TO DO:
Leave out the images and repeat every entry below exactly.

ENTRIES SUPPLIED:
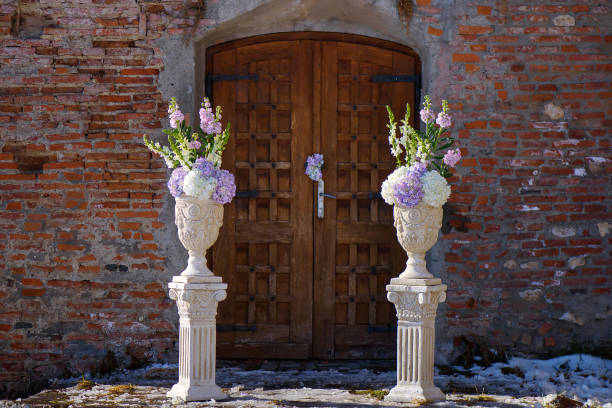 Horizontal perspective of free-standing white clay decorated flower pots with a spring bouquet featuring pastel hydrangeas positioned on each side of a vintage Medieval wooden door or gate framed by a old terracotta wall.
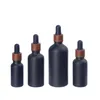 Flaconi contagocce in vetro smerigliato nero Flacone per profumi di olio essenziale con tappo in plastica a grana di legno da 5 ml a 100 ml SN4568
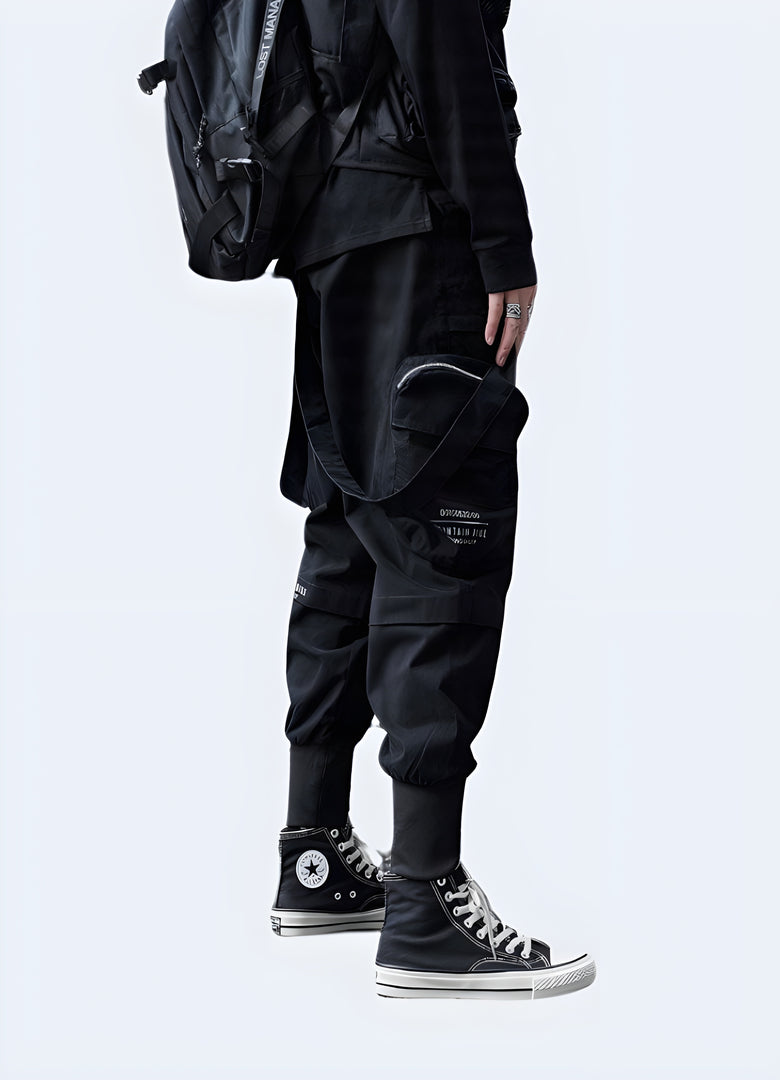 Side view of a man wearing versatile techwear cropped pants, showcasing their modern silhouette and practical design for active individuals in Canada.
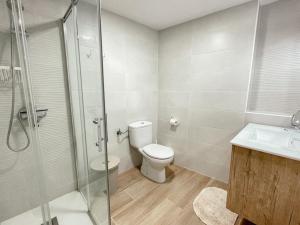 a bathroom with a toilet and a shower and a sink at Casa Mary R&R in Albolodúy +42 photos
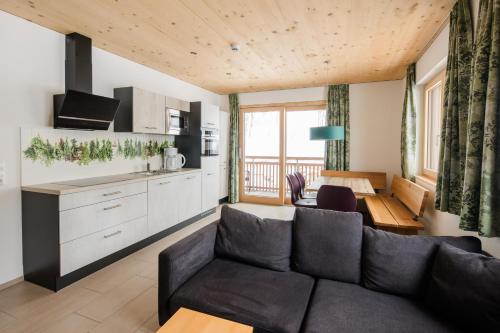a living room with a couch and a table at Lisas Schröcken in Schröcken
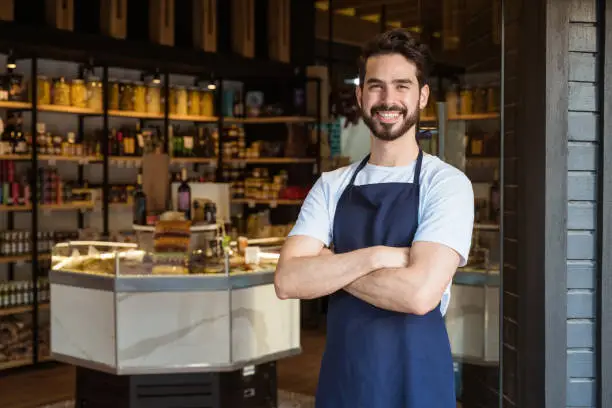 Portrait of handsome young male owner with arms crossed. Smiling bearded entrepreneur is wearing apron. He is standing at doorway.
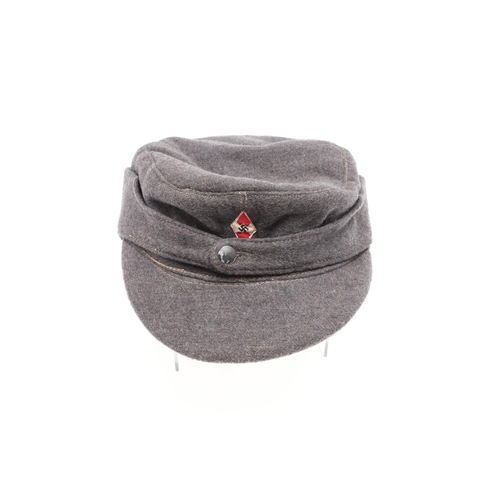 454 - A SECOND WORLD WAR HITLER YOUTH WINTER SERVICE CAP. A light grey Hitler Youth winter 's ki' type cap... 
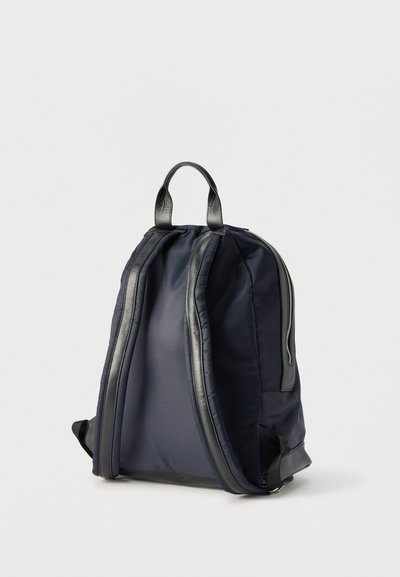 Σκούρο μπλε σακίδιο με επενδυμένους μαύρους ιμάντες, χειρολαβή στο επάνω μέρος και εμφανές φερμουάρ στο πλάι, όρθιο σε λευκό φόντο.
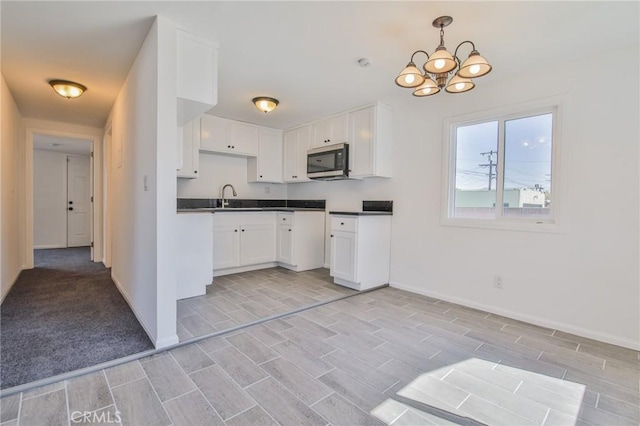 kitchen with dark countertops, white cabinetry, stainless steel microwave, and a sink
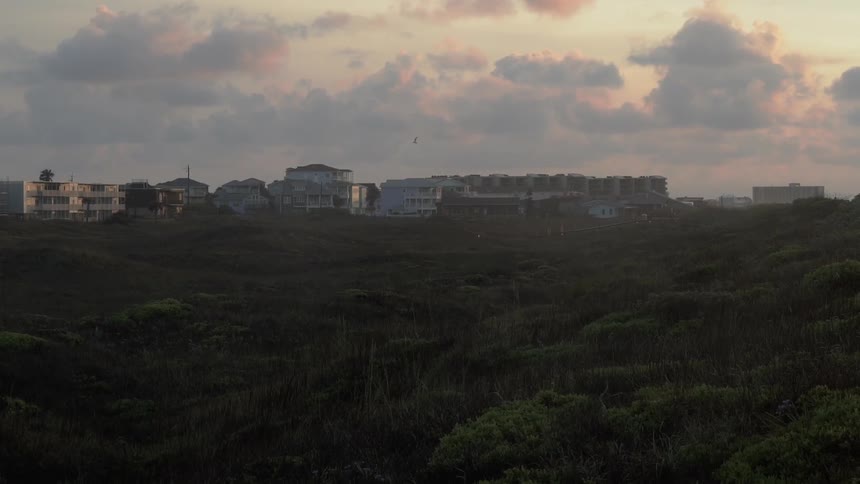 Sun sets over several buildings in a field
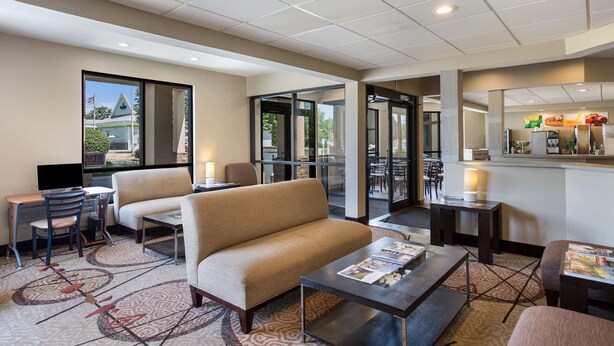 A hotel lobby with a sofa, coffee table, and seating area. There is a desk with a computer and a chair. The lobby has a patterned carpet and a glass door leading outside. - Quality Inn Albany Colonie (Albany)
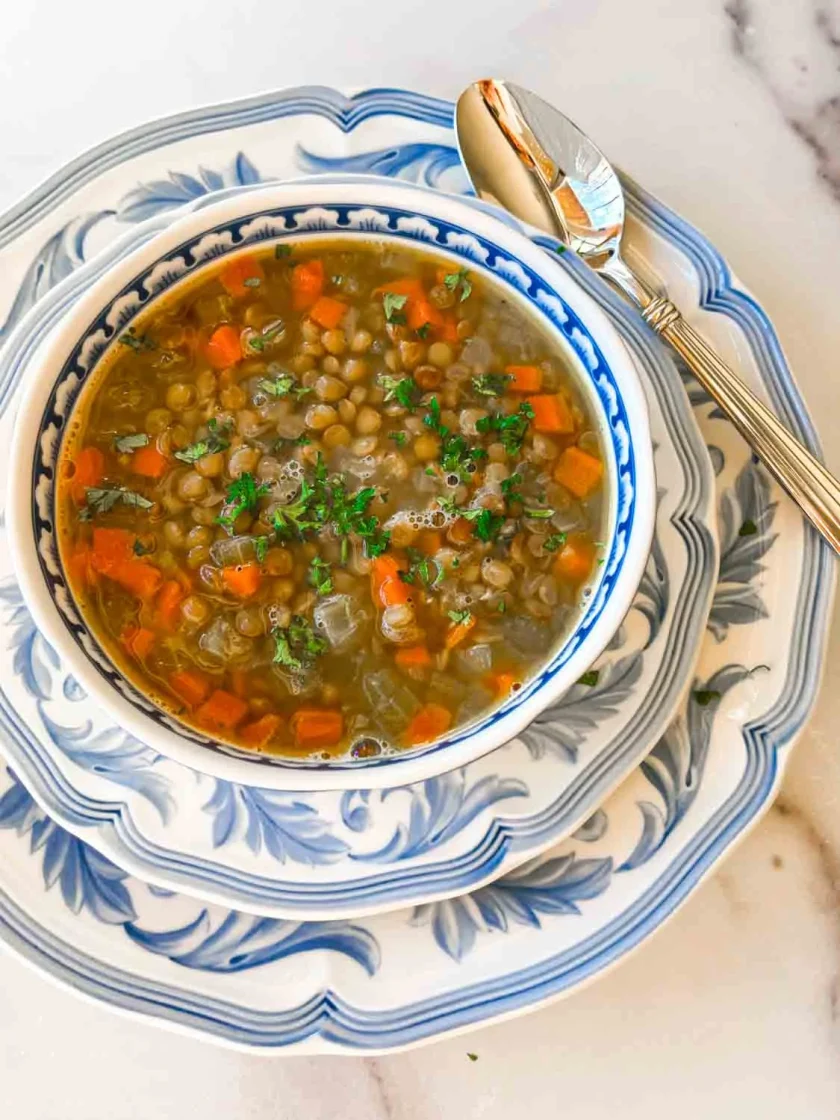 Un cuenco de sopa de lentejas con zanahorias y hierbas, servido en un plato azul y blanco con una cuchara al lado.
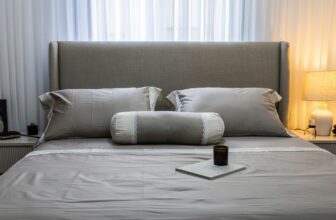 A neatly made bed with soft grey bedding and a warmly lit bedside lamp, set up for a good night's sleep.
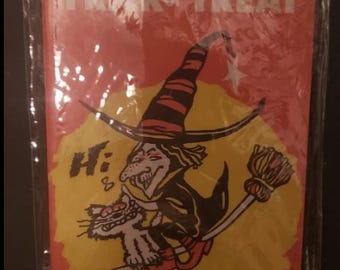 Könnte beinhalten: Eine rote und gelbe Halloween-Karte mit einer Hexe und einer Katze, die auf einem Besen fliegen. Die Karte trägt oben den Schriftzug "Trick or Treat" und neben der Hexe steht "Hi!"
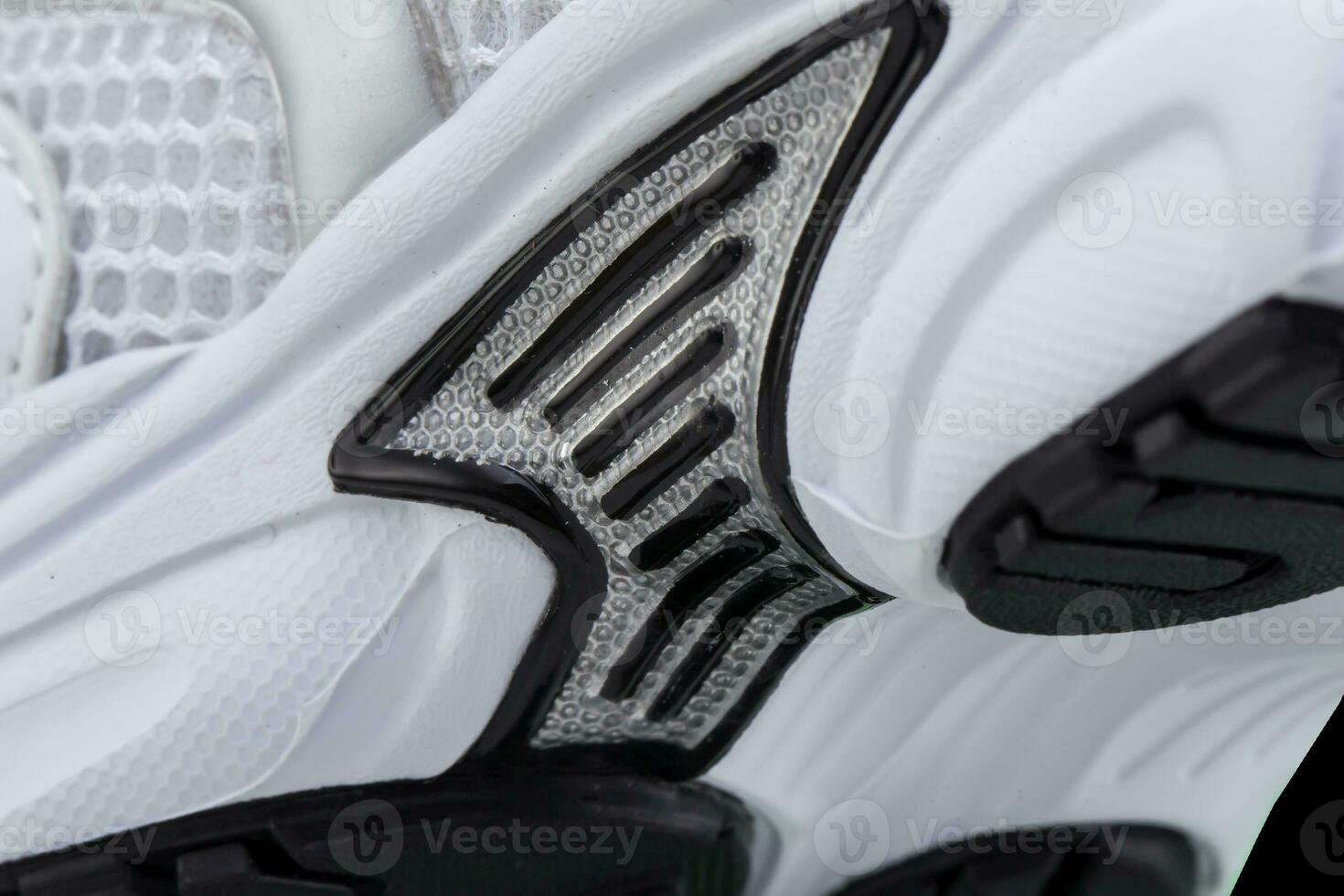 Fragment of a rubber black and white sole of a sneaker. Bottom of sports shoes photo
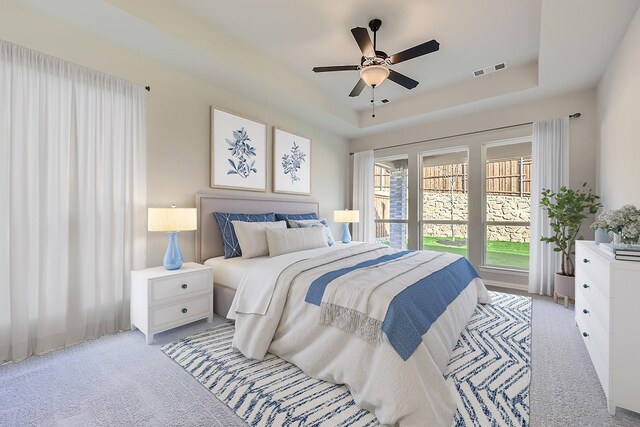 carpeted bedroom featuring a raised ceiling and ceiling fan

THE COMPLETED TASK:
 Horizontal perspective of free-standing white clay decorated flower pots with a spring bouquet featuring pastel hydrangeas positioned on each side of a vintage Medieval wooden door or gate framed by a old terracotta wall.
 Flaconi contagocce in vetro smerigliato nero Flacone per profumi di olio essenziale con tappo in plastica a grana di legno da 5 ml a 100 ml SN4568
 Side view of a man wearing versatile techwear cropped pants, showcasing their modern silhouette and practical design for active individuals in Canada.
 a bathroom with a toilet and a shower and a sink at Casa Mary R&R in Albolodúy +42 photos
a living room with a couch and a table at Lisas Schröcken in Schröcken
 Portrait of handsome young male owner with arms crossed. Smiling bearded entrepreneur is wearing apron. He is standing at doorway.
 454 - A SECOND WORLD WAR HITLER YOUTH WINTER SERVICE CAP. A light grey Hitler Youth winter 's ki' type cap... 
 Σκούρο μπλε σακίδιο με επενδυμένους μαύρους ιμάντες, χειρολαβή στο επάνω μέρος και εμφανές φερμουάρ στο πλάι, όρθιο σε λευκό φόντο.
 kitchen with dark countertops, white cabinetry, stainless steel microwave, and a sink
 Sun sets over several buildings in a field
 A hotel lobby with a sofa, coffee table, and seating area. There is a desk with a computer and a chair. The lobby has a patterned carpet and a glass door leading outside. - Quality Inn Albany Colonie (Albany)
 Un cuenco de sopa de lentejas con zanahorias y hierbas, servido en un plato azul y blanco con una cuchara al lado.
 A neatly made bed with soft grey bedding and a warmly lit bedside lamp, set up for a good night's sleep.
 Könnte beinhalten: Eine rote und gelbe Halloween-Karte mit einer Hexe und einer Katze, die auf einem Besen fliegen. Die Karte trägt oben den Schriftzug "Trick or Treat" und neben der Hexe steht "Hi!"
 Fragment of a rubber black and white sole of a sneaker. Bottom of sports shoes photo
 carpeted bedroom featuring a raised ceiling and ceiling fan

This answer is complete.